JACKSON, Wyo. (AP) -- Wyoming residents are divided about the reintroduction of wolves to the state but strongly support wolf hunting, a poll shows.

About 49 percent of residents agree with the reintroduction of wolves, while 47 percent think it was a bad idea, the survey found. Wolves were hunted to near extinction in the United States before being reintroduced in the 1990s in Yellowstone National Park and their numbers were revived.

Yet four of five respondents, about 82 percent, agreed with allowing for hunting of wolves in the state, while 14 percent disagreed, according to the survey conducted by the University of Wyoming Survey Research Center for the UW Political Sciences Department.
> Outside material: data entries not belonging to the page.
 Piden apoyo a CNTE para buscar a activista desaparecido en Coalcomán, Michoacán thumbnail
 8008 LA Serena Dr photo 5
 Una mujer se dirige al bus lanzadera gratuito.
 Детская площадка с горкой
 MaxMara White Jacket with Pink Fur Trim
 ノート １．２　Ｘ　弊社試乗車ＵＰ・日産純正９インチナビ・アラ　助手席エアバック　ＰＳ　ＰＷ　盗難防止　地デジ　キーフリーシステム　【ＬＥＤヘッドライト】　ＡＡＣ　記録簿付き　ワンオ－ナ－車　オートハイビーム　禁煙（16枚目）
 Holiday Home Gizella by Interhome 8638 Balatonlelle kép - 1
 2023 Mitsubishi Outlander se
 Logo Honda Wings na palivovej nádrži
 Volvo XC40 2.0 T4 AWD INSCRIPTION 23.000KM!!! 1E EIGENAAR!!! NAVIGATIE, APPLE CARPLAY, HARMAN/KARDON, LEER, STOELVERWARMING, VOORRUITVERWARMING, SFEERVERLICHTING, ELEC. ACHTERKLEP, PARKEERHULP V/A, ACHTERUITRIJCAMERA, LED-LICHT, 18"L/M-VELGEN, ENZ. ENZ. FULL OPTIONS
The survey of 668 Wyoming residents was done in October just before conservation groups sued to force the U.S. Fish and Wildlife Service to re-establish federal protection for wolves in Wyoming. If the lawsuit is successful, it would take wolf management out of state hands and nullify Fish and Wildlife Service's delisting rule.

The poll, which has a margin of error of plus or minus 4 percentage points, found that 54 percent of respondents thought the effects of reintroduction of wolves was mostly negative, and just 35 percent thought it was mostly positive.

Jim King, a UW political science professor and the survey's co-director, said residents of areas where livestock production is a major part of the economy generally are less favorable to wolves.

While noting that county-specific data from the wolf survey is statistically unreliable, King said counties in the eastern plains of Wyoming had the lowest approval of wolves.

"In counties along the Colorado border there was much more support for wolf reintroduction," he tells the Jackson Hole News & Guide http://bit.ly/XC9fbp ). "In Teton, Park, Fremont counties there was a lot of support."

Teton and Park counties border Yellowstone.

Nearly half of the respondents, 49 percent, said the federal government should be responsible for paying for financial losses resulting from wolf attacks on livestock. Twenty-seven percent believe conservation groups should pay the costs, and 14 percent believe ranchers should pay, according to the poll.